Vietnam International Bank (VIB) on 17 Jan 2019 announced its annual financial results of 2018. Accordingly, profit before tax reached VND2,741 billion, growing by 95% year-on-year and 37% higher than the plan. This is the second consecutive year that VIB’s profit rate grew by approximately 100%.
Revenue increased by 48%, in which interest income and non-interest income increased by 40% and 92%, respectively. Non-interest income contributed 20% to total revenue. Cost to income ratio (CIR) reached an efficient level of 44%, reducing by 13% year-on-year. Return on equity (ROE) sharply increased to 22.5%, among banks with the highest ROE.
Retail banking business continued making key contribution with revenue grew up by 90%. Wholesale banking and Treasury banking businesses also gained significant growth in profit of 22% and 49%, respectively.
On 31 Dec 2018, total asset of the bank reached nearly VND140,000 billion.
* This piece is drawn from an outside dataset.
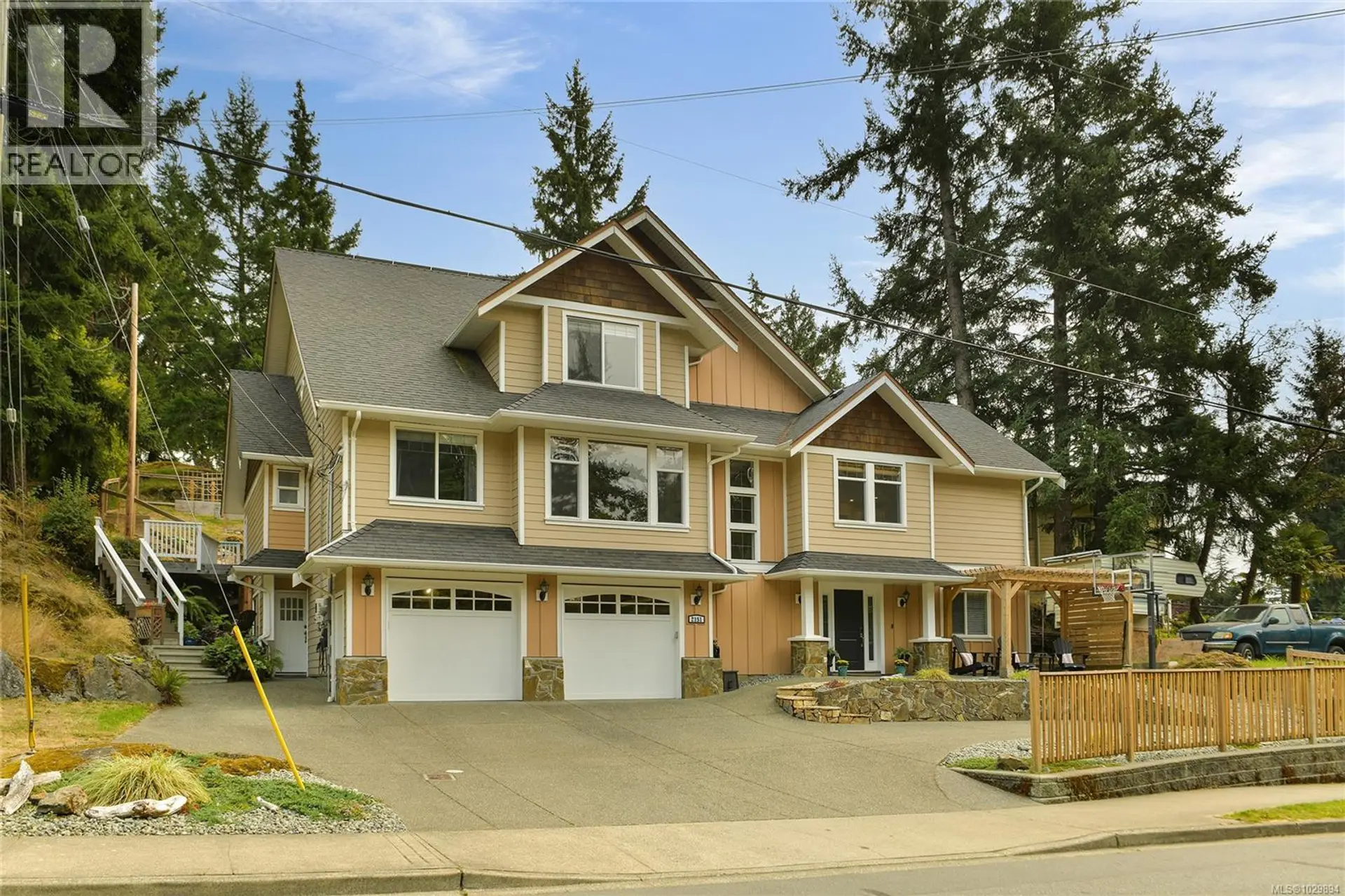Property at 2151 GOURMAN Pl, Langford, BC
Deposit rose by 22.7% year-on-year. Lending balance reached VND98,933 billion, up 17.5%, of which, retail lending balance was VND74,300, rising by 48% in 2018 after having risen by 83% in 2017. Thanks to this impressive growth rate, VIB surpassed many big joint stock banks in terms of retail lending balance and affirmed its position as one of the joint stock banks with high retail lending market share.
VIB’s equity is VND10,662 billion. Capital adequacy ratio (CAR) under Basel II was 10.2%. Non-performing loan ratio (NPL) is 2.2% with zero legacy loan sold to VAMC.